Unigine Heaven v4.0 Benchmark
Pseudo-DirectX 11 Gaming

Unigine's Heaven Benchmark v4.0 is built around the Unigine game engine. Unigine is a cross-platform, real-time 3D engine, with support for DirectX 9, DirectX 10, DirectX 11 and OpenGL. The Heaven benchmark -- when run in DX11 mode -- makes comprehensive use of tessellation technology and advanced SSAO (screen-space ambient occlusion). It also features volumetric cumulonimbus clouds generated by a physically accurate algorithm and a dynamic sky with light scattering.


Unigine Heaven

heaven 1


heaven 2

The new GeForce GTX 1080 Ti took the top spot here, just barely edging out the Titan X. Performance is significantly higher than the standard GeForce GTX 1080 and nearly double the Radeon R9 Fury X though.

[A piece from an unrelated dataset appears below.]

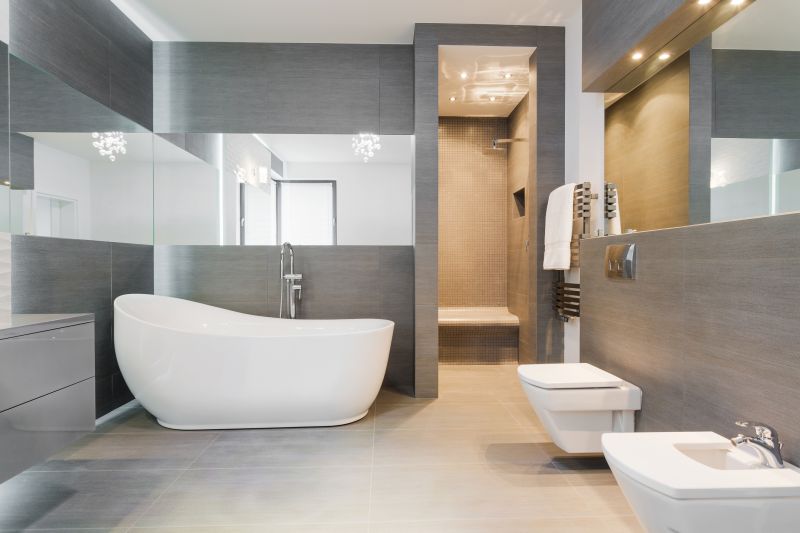 Contemporary Freestanding Bathtub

Futuremark 3DMark Fire Strike
Synthetic DirectX Gaming
3DMark Fire Strike has multiple benchmark modes: Normal mode runs at 1920x1080, Extreme mode targets 2560x1440, and Ultra mode runs at a 4K resolution. GPU target frame buffer utilization for normal mode is 1GB and the benchmark uses tessellation, ambient occlusion, volume illumination, and a medium-quality depth of field filter. The more taxing Extreme mode targets 1.5GB of frame buffer memory and increases detail levels across the board. Ultra mode is explicitly designed for high-end and CrossFire / SLI systems and cranks up the quality even further. GT 1 focuses on geometry and illumination, with over 100 shadow casting spot lights, 140 non-shadow casting point lights, and 3.9 million vertices calculated for tessellation per frame. And 80 million pixels are processed per frame. GT2 emphasizes particles and GPU simulations.


3DMark Fire Strike

fire strike 1


fire strike 2

The new GeForce GTX 1080 Ti also led the pack in 3DMark Fire Strike Ultra. NVIDIA's latest flagship is about 32% faster than the standard GeForce GTX 1080 and just a hair faster than the Titan X. Once again, the Fury X brings up the rear.

1080 ti 3dmark deets

The details of the GeForce GTX 1080 Ti's 3DMark Fire Strike run are outlined above. As you can see, framerates remain relatively stable in the GPU-bound tests...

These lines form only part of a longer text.